The increase or decrease in the price of a stock between the beginning and the end of a trading day is assumed to be an equally likely random event. What is the probability that a stock will show a decrease in its closing price on eleven consecutive days?
(Round to four decimal places)
So I was given the formula P(x)= n! / x! (n-x)! π^x (1-π)^n-x
I got these values
n=11
x = 11
π = 0.5 since P(increase) = P(decrease) = 1/2
I used the formula above but got the incorrect answer. Can i get some help with this problem? Thanks.

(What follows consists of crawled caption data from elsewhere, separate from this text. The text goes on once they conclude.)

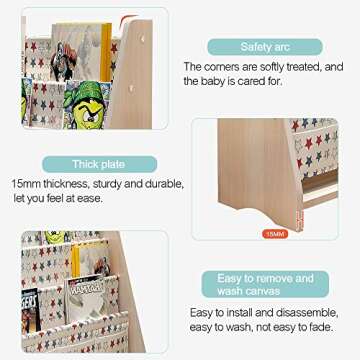 Kids Bookshelf, FOME Kids Book Rack Sling Bookshelf Book Display Stand Bookcases Book Shelves for Children Floor Display Stand Kindergarten Magazine Rack
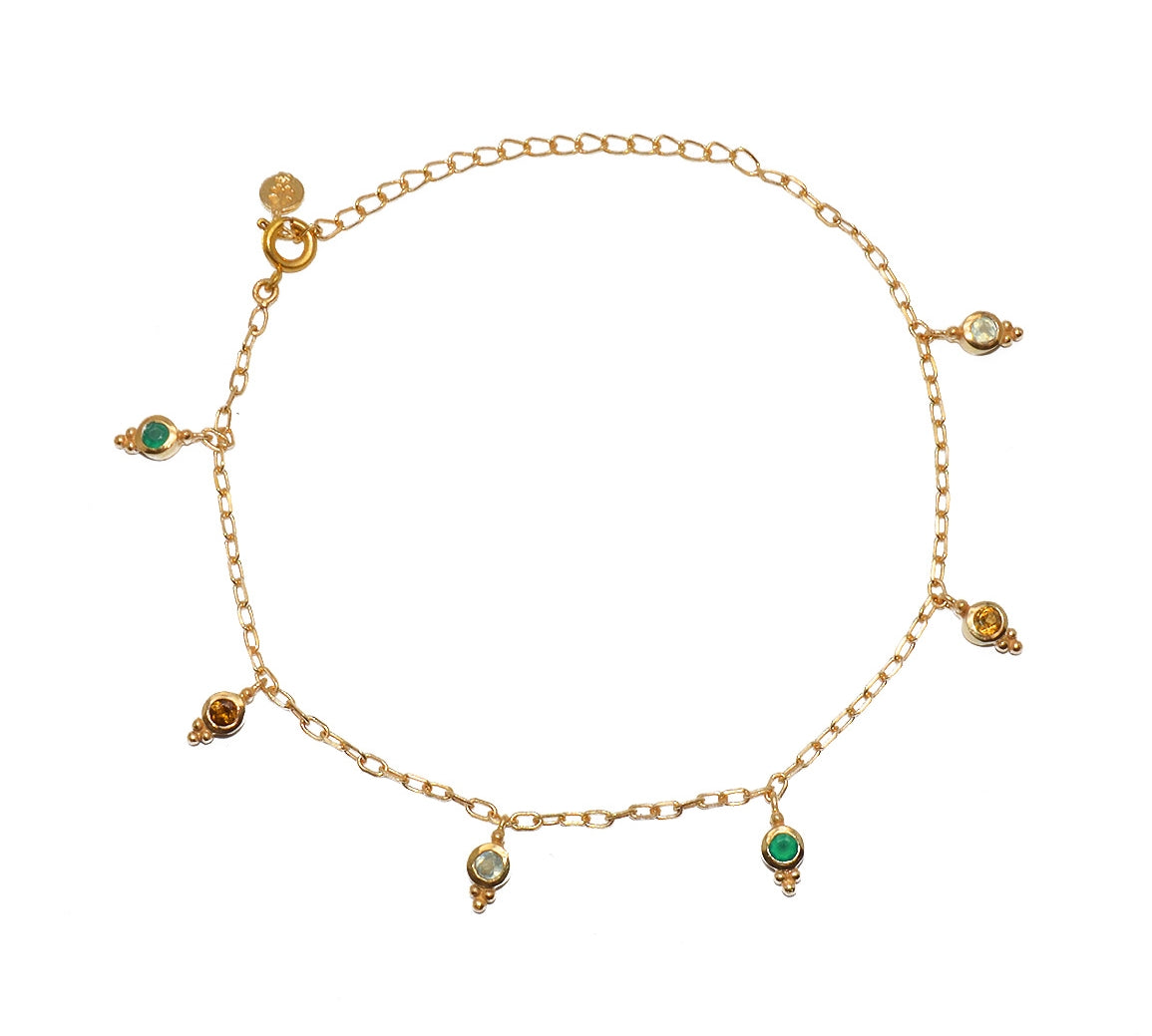Bracelet de cheville doré et pampilles pierres - PREHNITE -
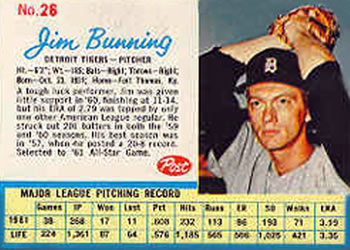 1962 Post Cereal #26 Jim Bunning Front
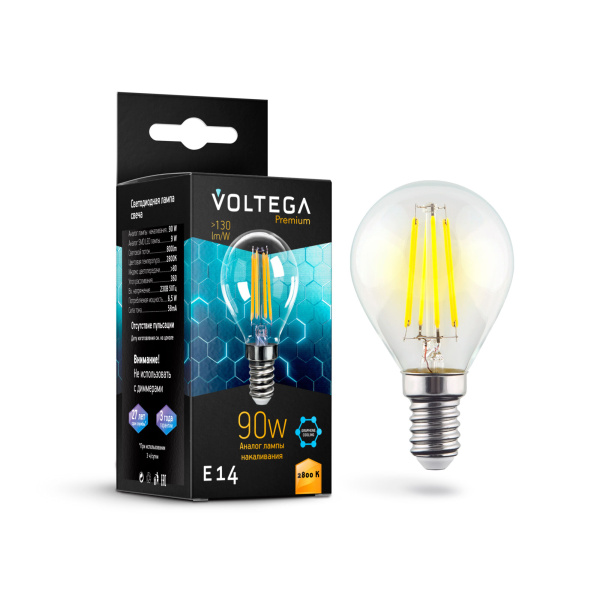 Лампа светодиодная Voltega Globe E14 9W Graphene 7136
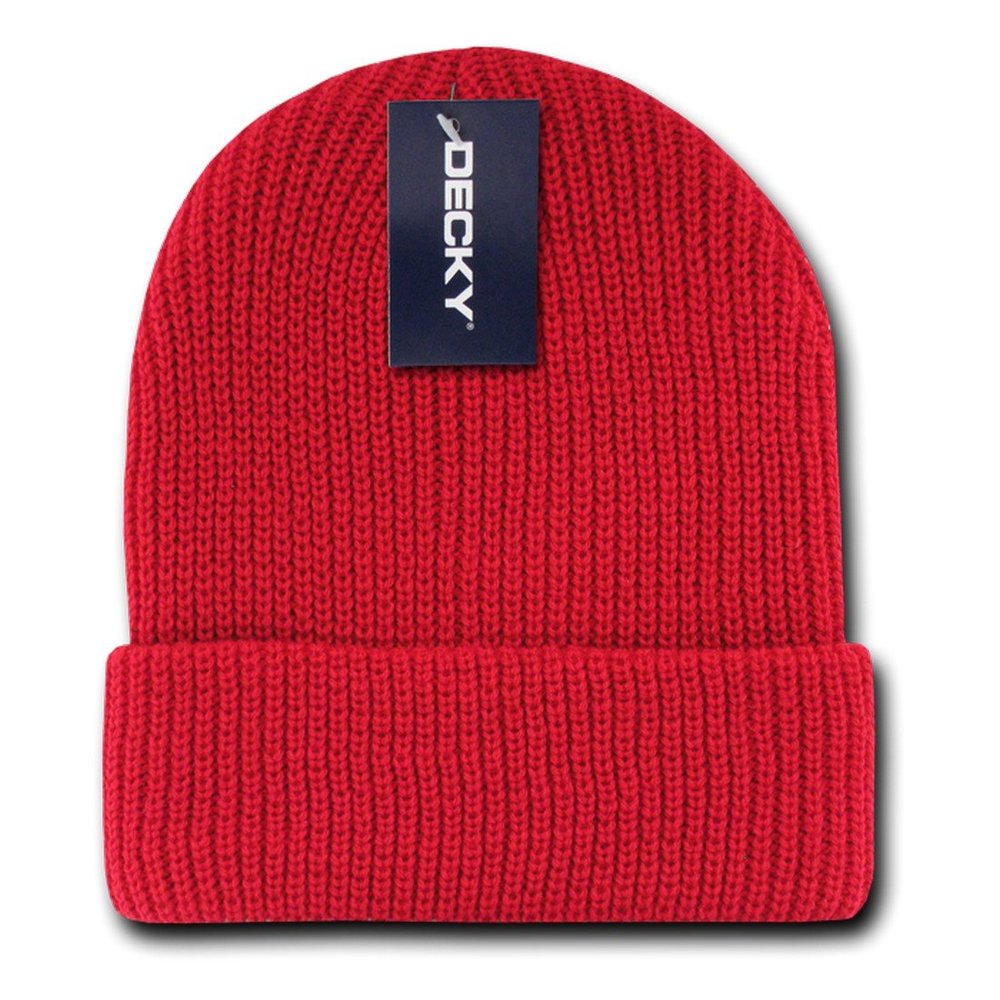 Decky inc GI Watch Acrylic Snug fit Braided Cuffed Beanies Skull Hat 600 Red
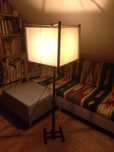 Lampa stojąca drewniana vintage tkanina klosz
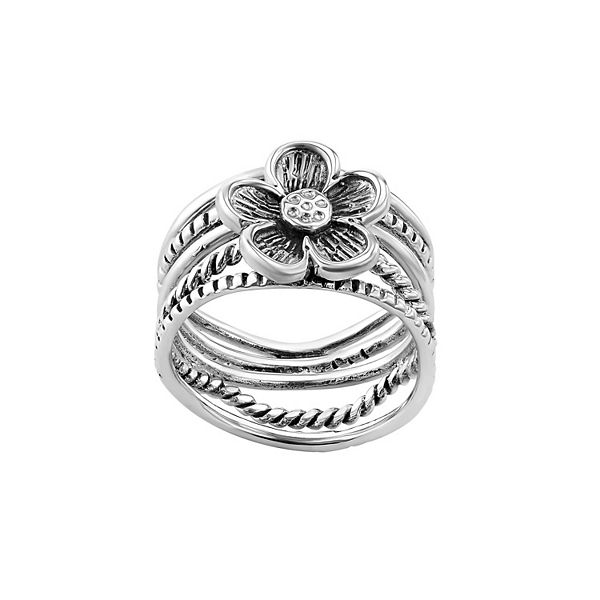 Athra NJ Inc Sterling Silver Oxidized Textured Flower Ring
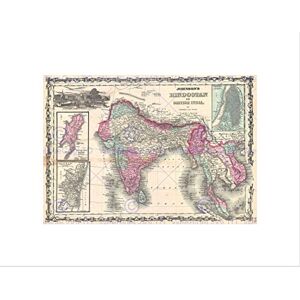 Wee Blue Coo 1862 Johnson Map India And Southeast Asia Wall Art Print Wee Blue Coo 1862 Johnson Map India And Southeast Asia Wall Art Print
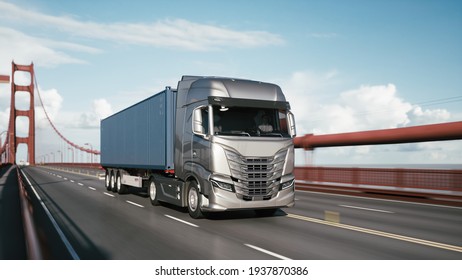 Cargo Truck With Container Driving On The Bridge. Semi-Truck With Cargo Trailer. 3d Illustration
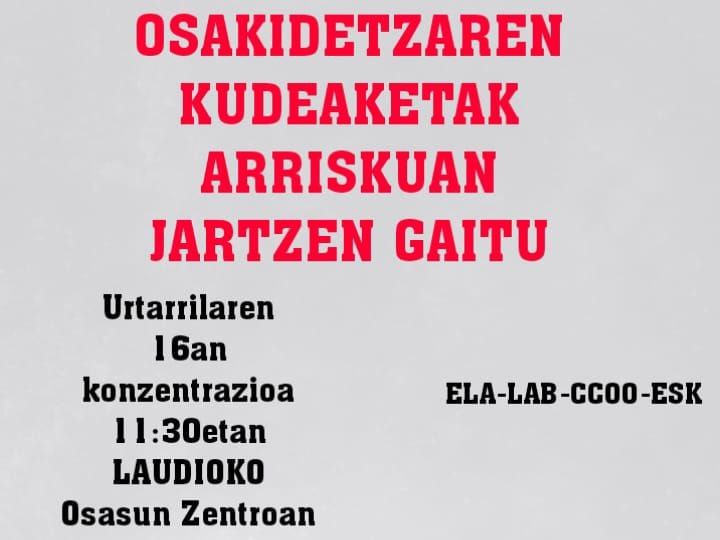 ZurrumurruAskea's tweet photo. Bihar gehiengo sindikalak Laudioko Osasun Zentroaren aurrean elkarteratzea deitu du. https://t.co/yyCkP6V9C1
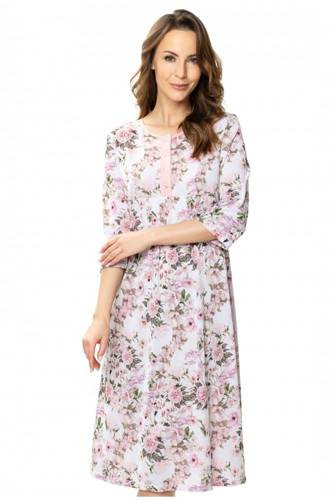 Koszula nocna 86442 Pola z rozpinanym dekoltem Mewa różowy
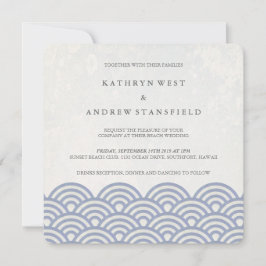 Japanisch Seigaiha Waves Elegant Beach Wedding Einladung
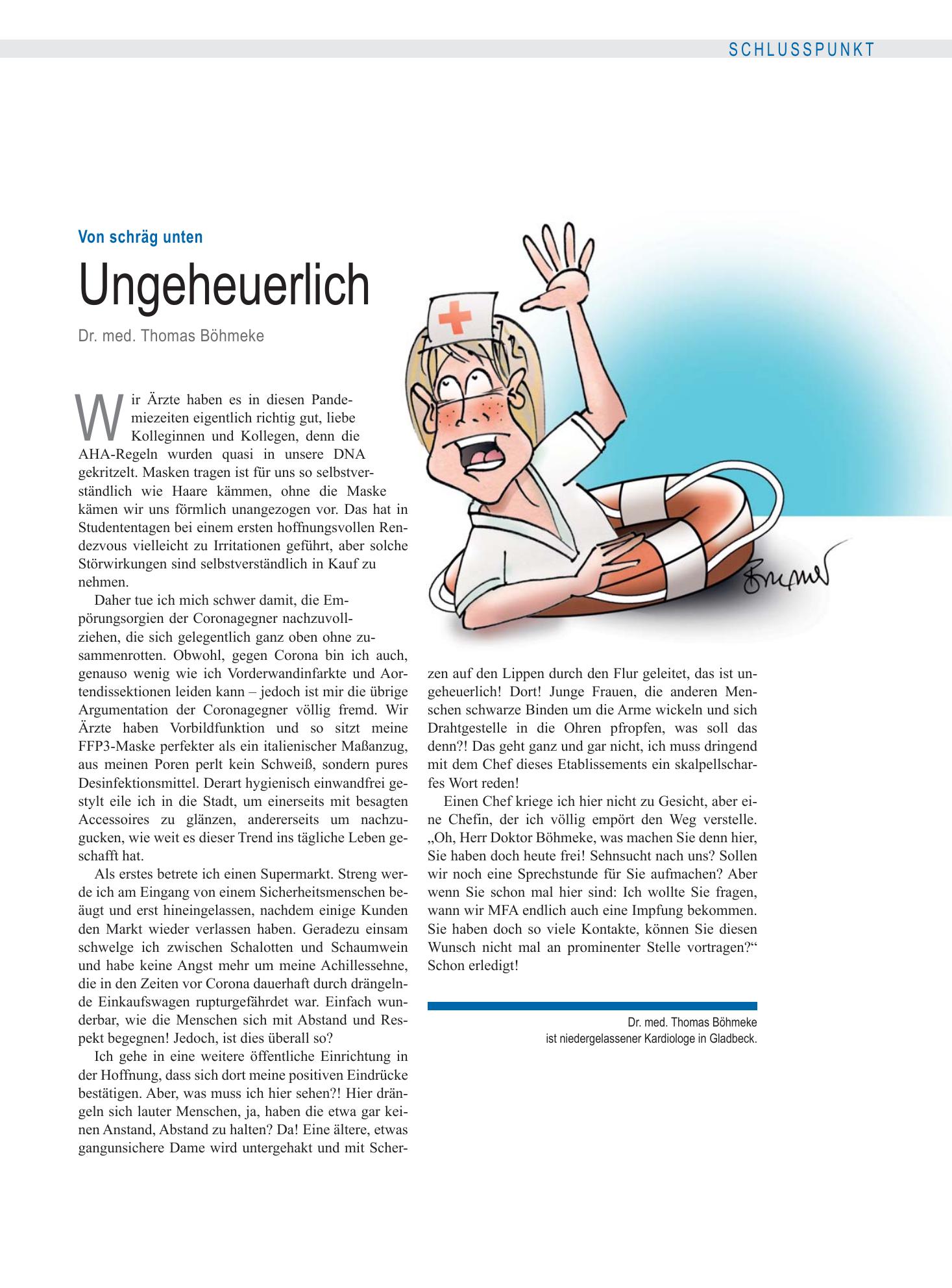 Vorschauseite 1: Von schräg unten: Ungeheuerlich – Deutsches Ärzteblatt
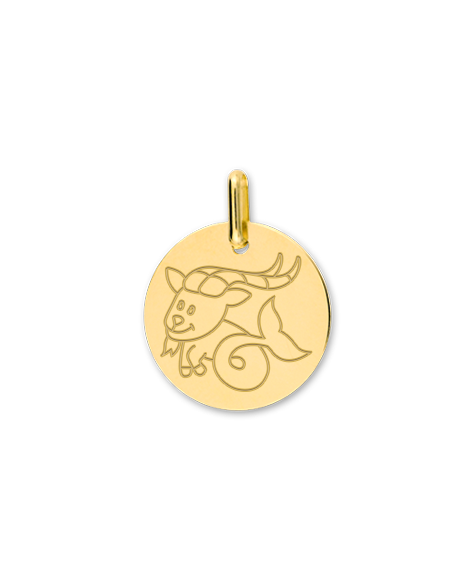 Pendentif zodiaque signe Capricorne (or jaune)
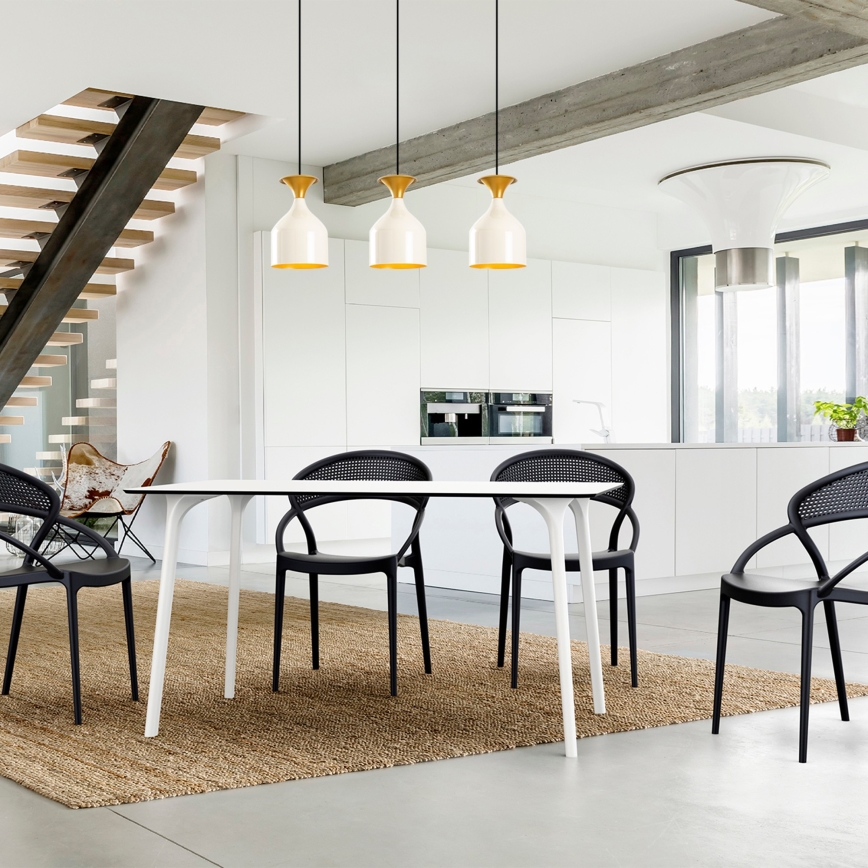 Pendel på ledning SIVANI 3xE27/40W/230V hvid/kobber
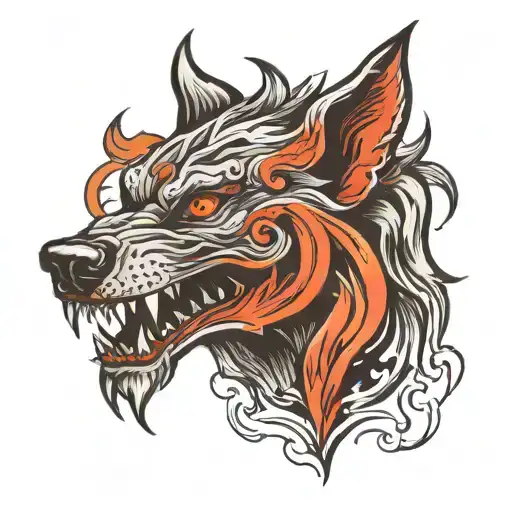 Demonic wolf head tattoo design idea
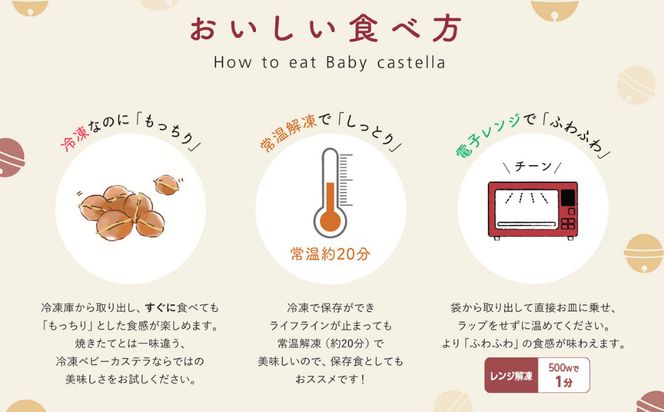 【京都すずなり屋】冷凍ベビーカステラ プレーン12個入り×6袋｜ベビーカステラ専門 人気店 冷凍［ 京都 ベビーカステラ専門店 カステラ 安心安全 もっちり ふんわり 常温解凍 人気 おすすめ お菓子 焼菓子 安心 安全 手焼きスイーツ 冷凍スイーツ ギフト プレゼント お取り寄せ 通販 送料無料 ふるさと納税］ 261009_B-SQ01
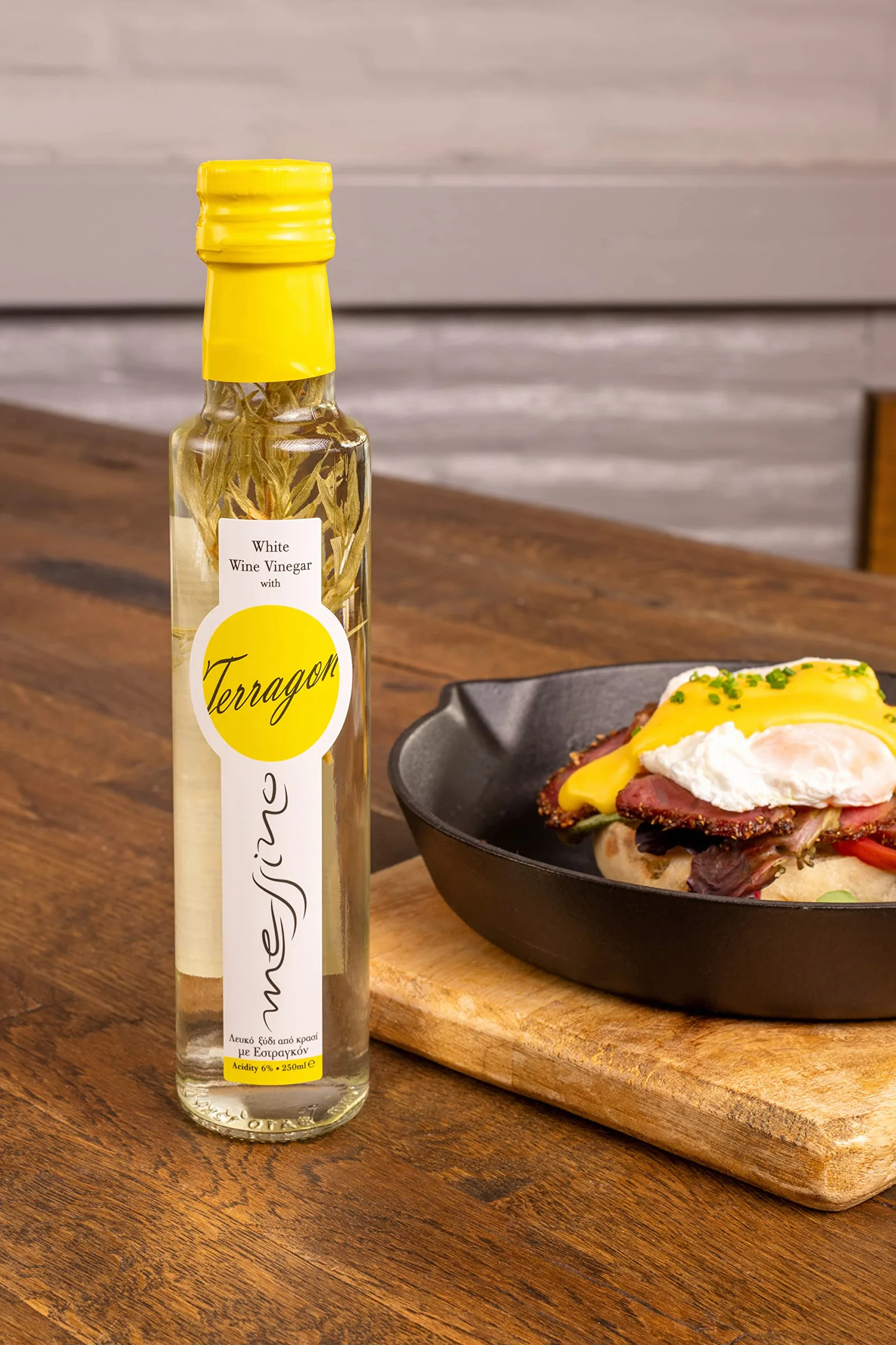 Messino Vinagre Blanco con Estragón | Pack 2 x 250 ml (Total 500 ml) | Vinagre de Vino Blanco Aromatizado con Hierbas Griegas | Sin Azúcares Añadidos, Vegano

The correct answer is 0.0098.
Using the formula you provided, the answer would be:
P(x) = 11! / 11! (11-11)! (0.5)^11 (0.5)^(11-11) = 0.0098
To solve this problem, you need to calculate the probability of a stock showing a decrease in its closing price on eleven consecutive days. You are given the formula P(x) = n! / x! (n-x)! π^x (1-π)^n-x, where:
P(x) represents the probability of obtaining exactly x successes in n trials.
n represents the total number of trials.
x represents the number of successful trials.
π represents the probability of success in a single trial.
Given that n = 11, x = 11, and π = 0.5 (since both increase and decrease have an equal chance of occurring), let's calculate the probability step by step:
1. Calculate the factorials:
n! = 11! = (11)(10)(9)(8)(7)(6)(5)(4)(3)(2)(1) = 39,916,800
x! = 11! = (11)(10)(9)(8)(7)(6)(5)(4)(3)(2)(1) = 39,916,800
(n - x)! = (11 - 11)! = 0! = 1
2. Determine π^x:
π^x = 0.5^11 = 0.00048828125 (to 11 decimal places)
3. Determine (1 - π)^(n - x):
(1 - π)^(n - x) = (1 - 0.5)^(11 - 11) = 0^0 = 1
4. Plug the values into the formula:
P(x) = n! / x! (n - x)! π^x (1 - π)^(n - x)
= (39,916,800) / (39,916,800)(1)(0.00048828125)(1)
= 0.00048828125
Therefore, the probability that a stock will show a decrease in its closing price on eleven consecutive days is approximately 0.0005 (rounded to four decimal places).
To calculate the probability of a stock showing a decrease in its closing price on eleven consecutive days, you can use the binomial probability distribution formula:
P(x) = nCx * p^x * (1 - p)^(n - x)
Where:
- n is the number of trials (days in this case)
- x is the number of successes (decreases in this case)
- p is the probability of success on a single trial (probability of a decrease in this case)
In this case:
- n = 11
- x = 11 (since we want to calculate the probability of 11 consecutive decreases)
- p = 0.5 (since both increase and decrease are assumed to be equally likely, so the probability of a decrease is 0.5)
Now, let's calculate the probability:
P(11) = 11C11 * 0.5^11 * (1 - 0.5)^(11 - 11)
First, let's calculate 11C11:
11C11 = 11! / (11!(11-11)!)
= 11! / (11!(0)!)
= 11! / (11! * 1)
= 1
Now, let's substitute the values into the formula:
P(11) = 1 * 0.5^11 * (1 - 0.5)^(11 - 11)
= 0.5^11 * 0.5^0
= 0.5^11
= 0.00048828125
So, the probability that a stock will show a decrease in its closing price on eleven consecutive days is approximately 0.0005, rounded to four decimal places.
Therefore, the correct answer is 0.0005.